L'astronaute Patrick Baudry, qui n'était pas favorable au projet en raison de problèmes de sécurité au lancement, notamment, a écrit une bonne analyse du sujet. Encore une fois, les chimères l'avaient emporté sur les considérations élémentaires de sauvegarde de la vie des cosmonautes : Hermès était sur le papier un beau projet, mais un projet mettant en danger son équipage au lancement. En prime, selon lui aussi, l'appareil, coûteux, n'aurai pas servi assez, reproduisant l'insoluble problème de son concurrent américain : "en regardant les vingt ans qui viennent de s'écouler, il est dommage de constater que la navette est un échec total en termes d'opérations. Même si une certaine langue de bois utilisée dans la grande structure américaine crie " Bravo ! ", même si cela fait partie des choses qu'il est interdit de remettre en question aux États-Unis.  En 1996, la NASA avait pourtant un instant caressé l'espoir de les retirer du service actif au profit d'autres concepts, mais les difficultés de mise au point de ces nouvelles machines ont fait repousser aux calendes grecques le remplacement d'une flotte qui a coûté pour l'instant un bon nombre de milliards de dollars. L'agence américaine songe à présent à investir entre 1,5 et 2 milliards de dollars supplémentaires pour mettre à niveau ses quatre navettes, notamment en ce qui concerne l'informatique, l'électronique et quantité d'autres appareils qui vieillissent ou ne sont plus aux normes actuelles. Ces réparations et améliorations diverses interviendraient ainsi à mi-vie du parc de navettes, qui verrait ainsi sa longévité repoussée entre douze et vingt ans !". C'est exactement ce qu'on fait les américains, en coupant l'herbe sous le pied aux projets équivalents d'Hermès comme celui d'Orbital, pour au final en 2010 accorder des crédits à la construction d'un engin leur ressemblant comme deux gouttes d'eau, pensé il y a trente ans, à savoir le HL-20 devenu par la grâce des tribulations politiques le "Dream Chaser", une version "low-cost" du premier.

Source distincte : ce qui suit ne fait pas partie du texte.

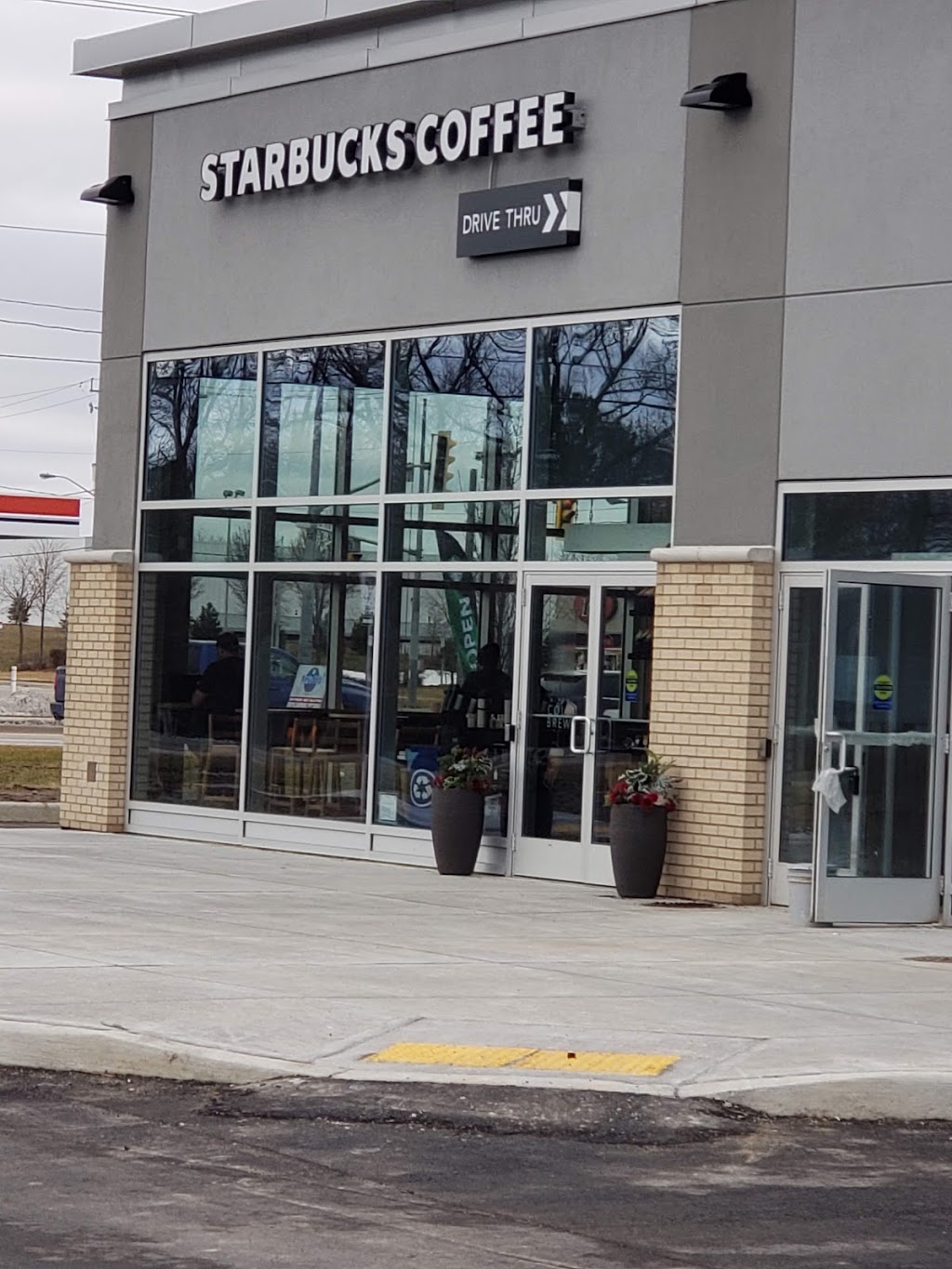 Starbucks | 218 Henry St E1, Brantford, ON N3S 0E3, Canada | Phone: (226) 934-4382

"Le dernier espoir" US ont titré certains. L'auteur Tom Wolfe l'avait fait remarquer en 2009 : cela fait 40 ans aujourd'hui que la NASA a tué dans l'œuf tous ses projets de remplacement de navette. L'espace a aussi été une suite d'erreurs et de décisions politiques inopportunes. Une aubaine actuelle pour les sociétés privées qui s'engouffrent dans le créneau, en bénéficiant de fonds publics, comme aux Etats-Unis, les premiers à dénoncer le fait lors de la vente d'avions Airbus, par exemple. Il y en a cependant encore là-bas pour réclamer une "nouvelle frontière" spatiale, tel le cosmonaute vétéran Thomas "Tom" Jones, qui dans une tribune récente du bien réactionnaire Popular Mechanics, réclamait encore le 24 mai 2011, lors du 50 eme anniversaire du discours de Kennedy, d'envoyer à nouveau des gens sur la Lune ou sur Mars, après avoir salué encore une fois le programme de Shuttle comme ayant été un succès, ce qui n'est pas le cas, comme a pu l'écrire justement Patrick Baudry, qui a volé à bord.  La conquête lunaire avait absorbé 5% du budget total de la nation, rappelle-t-il. En oubliant qu'aujourd'hui, aucun pays ne peut plus se le permettre, tout simplement. La place, aujourd'hui, est aux projets "low-costs", comme avait pu le montrer le même magazine dans son exemplaire du 17 mai dernier.